The United States National Academy of Engineering
(NAE) has recognised ICE Past President Professor Lord Robert Mair for his contributions to engineering.
The NAE elected the ICE’s 153rd president as a Foreign Member of the academy for “contributions to underground construction and smart infrastructure and for leadership in government, engineering practice, research, and education”.
He was one of 18 foreign members chosen to join the NAE in 2019. The list includes Sir James Dyson, chairman and founder of Dyson Technology.
The new members will be inducted at a ceremony on 6 October during the Academy’s Annual Meeting in Washington, DC.
Underground construction has been Professor Lord Mair’s specialism throughout his career, which spans over 40 years, and all over the world.
In the UK, he was closely involved with the Channel Tunnel Rail Link (now HS1), Crossrail
and the London Underground Jubilee Line Extension.
He also introduced compensation grouting in the UK. This was a novel technique controls settlement of structures during tunnel construction, and has been used on the Jubilee Line project, as well as the Waterloo Escalator Tunnel Project.
Professor Lord Mair’s education and achievements
The ICE past president’s contribution to engineering was also recognised by Imperial College London, which awarded him an honorary degree last year
He became Emeritus Professor of Civil Engineering and Director of Research at Cambridge University in 2017, and a month later took up his position as ICE president for 2017/18.

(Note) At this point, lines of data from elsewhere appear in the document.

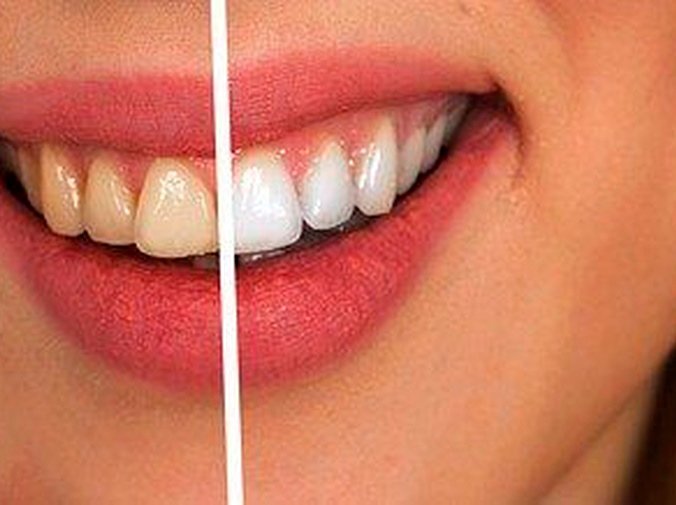 Mitos acerca de los blanqueamientos dentales que vamos a desmentir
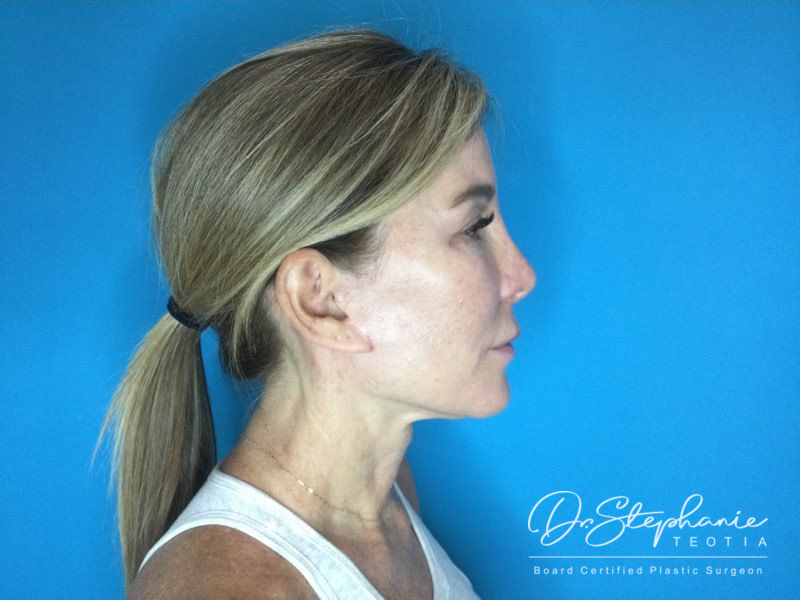 after neck lift right side view female patient case 3502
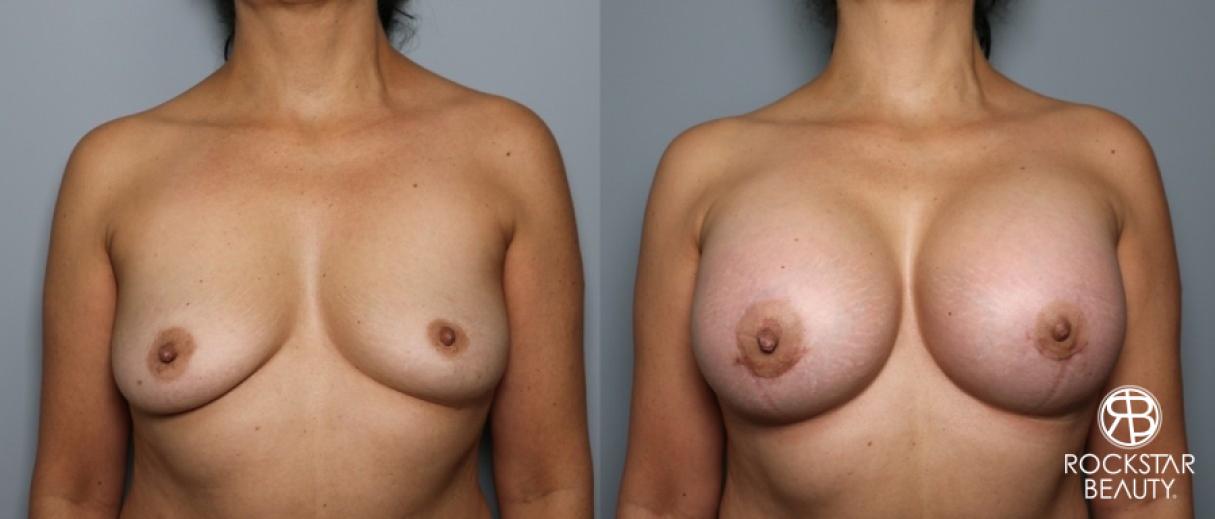 Breast Augmentation: Patient 12 - Before and After 1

He was appointed Professor of Geotechnical Engineering at Cambridge in 1998.
He was the Sir Kirby Laing Professor of Civil Engineering 2011-17, Master of Jesus College 2001-11, and a Fellow of St John's College 1998-2001.
He's also one of the founding directors of the Geotechnical Consulting Group (GCG), an international consulting company based in London, started in 1983.
He was appointed chief engineering adviser to the Laing O'Rourke Group in 2011.
Professor Lord Mair read Engineering at Clare College, Cambridge, and graduated in 1971.
After working in industry for some years, he returned to Cambridge to do a three-year PhD on tunnelling in soft ground. He was awarded with a PhD for this work in 1979.